It should be understood that, in various embodiments, the illustrated couplings between the first and second segments 80, 82, the link arms 86, the telescoping section 94, and/or the pivot block 76 may enable rotation about a respective axis. That is, the components may pivot or otherwise rotate relative to one another. In certain embodiments, the couplings may include pin connections to enable rotational movement. Furthermore, in certain embodiments, the components may include formed or machined components to couple the arms together while further enabling rotation, such as a rotary union or joint, sleeve coupling, or the like.

In the embodiment illustrated in FIG. 2 where the arms 60 are arranged in the expanded position, the combination of the first segment 80, the second segment 82, the link arms 86, and the telescoping section 94 generally form a parallelogram. As will be described in detail below, the telescoping section 94 includes a first section 100 and a second section 102 that are moveable relative to one another, via a telescoping mechanism, in response to rotation of the first and second segments 80 and/or link arms 86. In other words, the telescoping section 94 moves between an expanded position and a collapsed position based on the radial position of the arm 60 (e.g., one or more components of the arm 60).

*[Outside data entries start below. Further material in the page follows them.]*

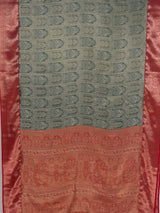 MIMOSA Bottle Green Kanjivaram Saree — pallu and zari work detail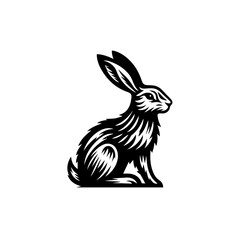 Stylized Black Silhouette of a Sitting Rabbit with Detailed Fur Texture.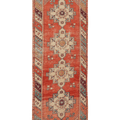 Vintage Niğde Turkish Runner Rug 3x9 ft — Red & Beige Geometric
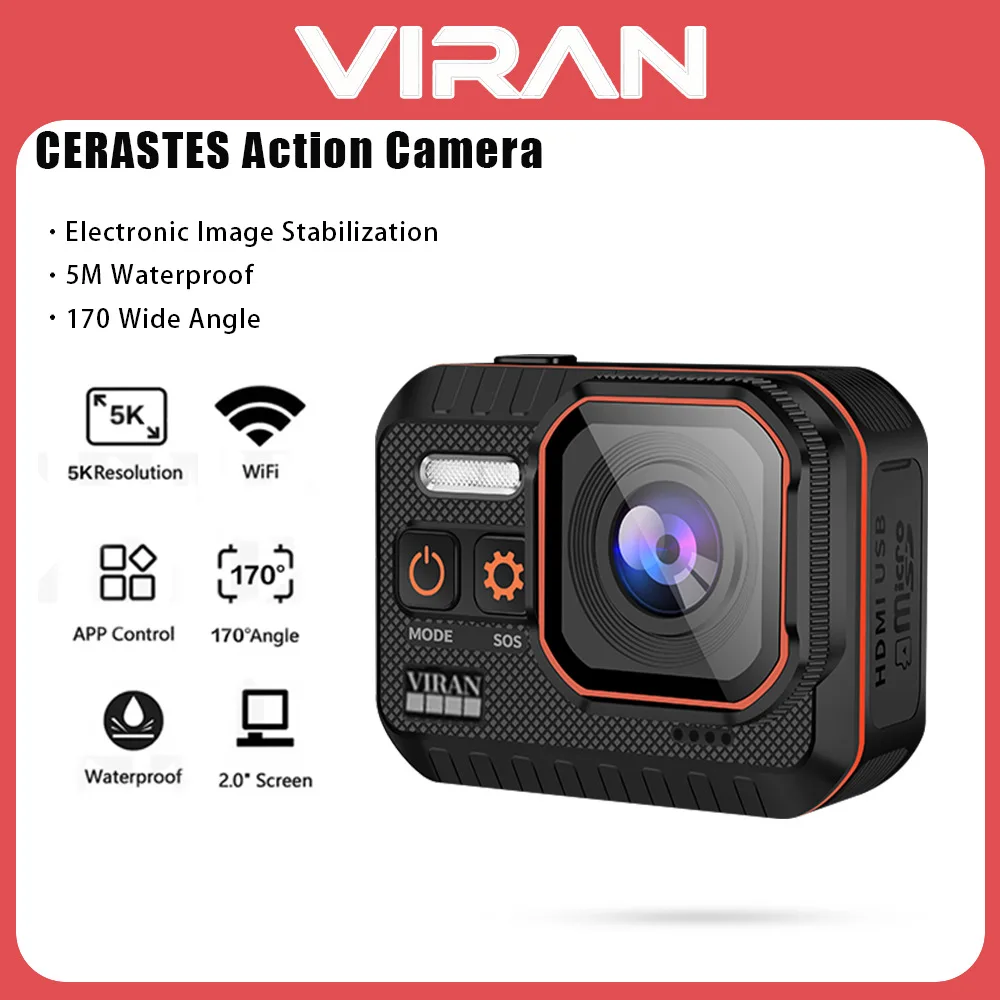 

4K60FPS WiFi Anti-shake Action Camera With Remote Control Screen Waterproof Sport Camera drive recorder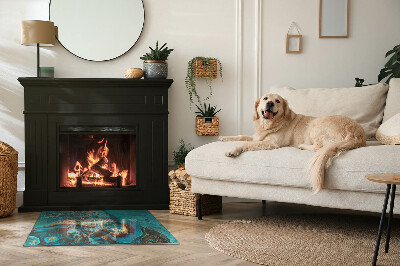 Rectangular tempered glass hearth Organic pattern in an abstract style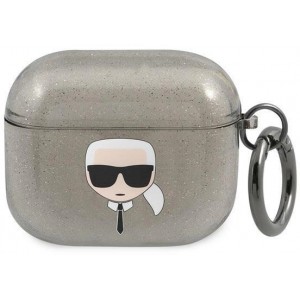 Karl Lagerfeld KLA3UKHGK AirPods 3 cover czarny/black Glitter Karl`s Head (universal)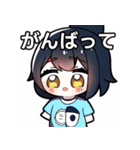 ちびキャラTシャツ女子（個別スタンプ：11）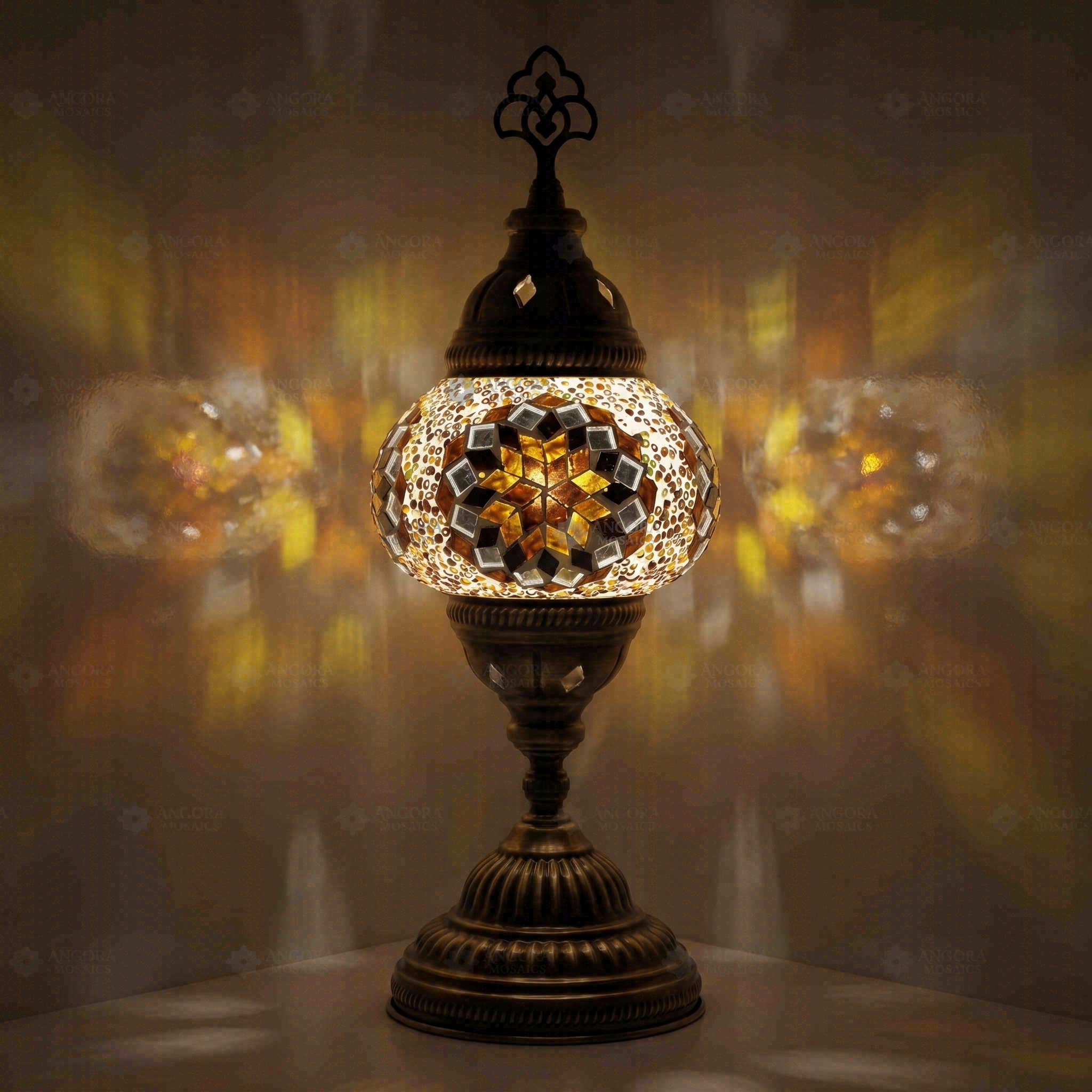 Amber Turkish mosaic table lamp illuminated, showing colorful light projection (ENV MUN2118)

In embodiments, properties of the arms 60, such as a length of the first segment 80, a length of the second segment 82, a length of the link arm 96, or a length of the telescoping section 94 may be particularly selected to control the radial position of the telescoping portion 94 with respect to the tool string axis 62. For example, the length of the first and second segments 80, 82 and the link arm 86 directly impact the radial position of the telescoping portion 94. In this manner, the position of the telescoping portion 94, and therefore the sensors coupled to the telescoping portion 94, may be designed prior to deploying the downhole tool 28. Furthermore, any number of sensors may be arranged on the arms. It should be appreciated that the sensors are not illustrated in FIG. 2 for clarity. In various embodiments, each arm 60 contains three sensors (e.g., flow, resistivity, composition), thereby performing a total of 18 different measurements with the illustrated downhole tool 28. The downhole tool 28 illustrated in FIG. 2 enables measurements at various locations in the annulus around the downhole tool 28, thereby providing information about flow characteristics at various circumferential positions in the annulus. As opposed to using multiple downhole tools over a vast length of a tool string, the illustrated downhole tool 28 measures and records flow conditions at a particular location in the wellbore 14 over substantially the entire annulus. In certain embodiments, the sensor tubes coupling the one or more sensors to the bulkheads 66 may be equally divided. In other embodiments, more or fewer sensor tubes may be coupled to one bulkhead 66.

FIGS. 3-8 are isometric views of embodiments of the arm 60 moving between the retracted position (e.g., stored position) and the extended position (e.g., deployed position). It should be appreciated that a single arm 60 is illustrated in FIGS. 3-8 for clarity, but as described above, the downhole tool 28 may include multiple arms 60.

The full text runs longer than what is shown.